Pour revenir à ce que le ministre vient de dire dans le cadre de son analyse de l'article 36.3, en disant que l'opposition compare des structures qui n'ont rien à voir parce qu'il y en a une qui coûte très cher et l'autre moins cher, ça doit être sa fatigue parce que le ministre n'a pas réalisé que ce que nous avons dit tout à l'heure, ce n'est pas que cette nouvelle structure coûte la même chose, par exemple, que le Tribunal administratif du Québec. Ce que nous avons tenté de lui faire comprendre, en vain, de toute évidence, c'est que la tendance de son gouvernement, la tendance lourde de son gouvernement, c'est d'inventer des structures, de les justifier en disant: Vous savez, c'est une bagatelle, ou, dans le cas qui nous occupe: C'est un coût aussi dérisoire, c'est un bargain, cette affaire-là, et, après, on voit ça monter, monter, monter.

On a fait ça avec le Tribunal administratif du Québec, du côté de Parti québécois. On nous a dit: C'est un bargain, on va prendre un tas d'entités qui décident dans le domaine du droit administratif et on va toutes les fusionner, encore une fois, sans tenir compte de leur spécificité, mais ça va être une bonne chose, ça va sauver de l'argent. Ça va coûter énormément plus cher, des millions, dans ce cas-là.

Loin de tenter de convaincre le ministre que la somme dérisoire, à ses dires, changerait le pot global de l'argent disponible à l'aide juridique, ce qu'on tente de lui faire comprendre c'est la chose suivante. C'est que, lorsqu'on a un cas comme Mme Sylvie Bernier, cette mère de plusieurs enfants dont un des enfants avait une cause valable à faire valoir devant les tribunaux, mais qui ne pouvait pas y arriver parce qu'elle avait été refusée à l'aide juridique parce que le sujet n'était plus couvert, même si la famille était admissible par ailleurs, on dit que c'est une illustration du fait que, lorsqu'on parle de services à la population avec l'argent qui vient de la population, on a un devoir, comme dit si bien ma collègue la députée de La Pinière et, n'en déplaise au ministre de la Justice, avec sa peau sensible, on a le devoir de s'assurer qu'on est en train de faire la meilleure dépense possible de cet argent du public.

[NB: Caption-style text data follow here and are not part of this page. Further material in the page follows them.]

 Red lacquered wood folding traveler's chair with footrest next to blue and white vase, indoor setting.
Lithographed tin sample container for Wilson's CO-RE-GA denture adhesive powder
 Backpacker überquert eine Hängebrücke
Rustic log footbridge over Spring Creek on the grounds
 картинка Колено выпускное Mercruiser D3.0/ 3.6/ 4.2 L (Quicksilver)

Alors, il a beau se taper les bretelles en disant: C'est un bargain, c'est un coût dérisoire, le fait est que, pour Mme Bernier, les 50 000 $ qu'on est en train de dépenser inutilement ici, auraient pu servir à ce qu'elle puisse se pourvoir devant les tribunaux et obtenir justice. Et il n'y a rien de drôle là-dedans, M. le Président.

Le Président (M. Landry, Bonaventure): Est-ce que 36.3, tel qu'amendé, est adopté?

M. Mulcair: Sur division.

Le Président (M. Landry, Bonaventure): Article 36.4.

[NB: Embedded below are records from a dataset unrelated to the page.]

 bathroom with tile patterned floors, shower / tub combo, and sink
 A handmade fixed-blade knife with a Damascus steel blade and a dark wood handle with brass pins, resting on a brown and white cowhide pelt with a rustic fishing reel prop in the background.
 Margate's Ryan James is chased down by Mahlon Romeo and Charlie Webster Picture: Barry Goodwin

M. Ménard: C'est un article qui va de soi, une fois que la fonction est créée, pour être appliqué dans les circonstances décrites à l'article.

Le Président (M. Landry, Bonaventure): Des questions ou commentaires?

M. Mulcair: La question est de savoir, à 36.4, qui prévoit ce qui suit à son premier alinéa: «En cas d'absence ou d'empêchement du juge en chef, il peut être remplacé par un autre juge municipal nommé par le gouvernement pour exercer les fonctions du juge en chef jusqu'à ce que celui-ci reprenne l'exercice de ses fonctions ou qu'il soit remplacé», si la personne reçoit la même rémunération pendant cette période-là. Est-ce que c'est prévu, par ailleurs?

M. Ménard: C'est prévu plus loin. À 49.1, c'est prévu.

M. Mulcair: D'accord.

Le Président (M. Landry, Bonaventure): L'article 36.4 est-il adopté?

M. Mulcair: Non, attendez, M. le Président, on va prendre la référence qu'on vient de nous faire.

(Consultation)

M. Mulcair: Alors, en lisant 49.1 en rapport à 36.4, M. le Président, la question demeure entière pour savoir, la personne...

(21 h 50)

M. Ménard: Deuxième alinéa de 49.1.

M. Mulcair: Oui. La personne qui remplacerait, en application du deuxième alinéa de 36.4, pour une période d'un mois et demi, mettons, cette personne-là n'aurait droit à aucune rémunération additionnelle.

M. Ménard: C'est le deuxième alinéa de l'article 49.1.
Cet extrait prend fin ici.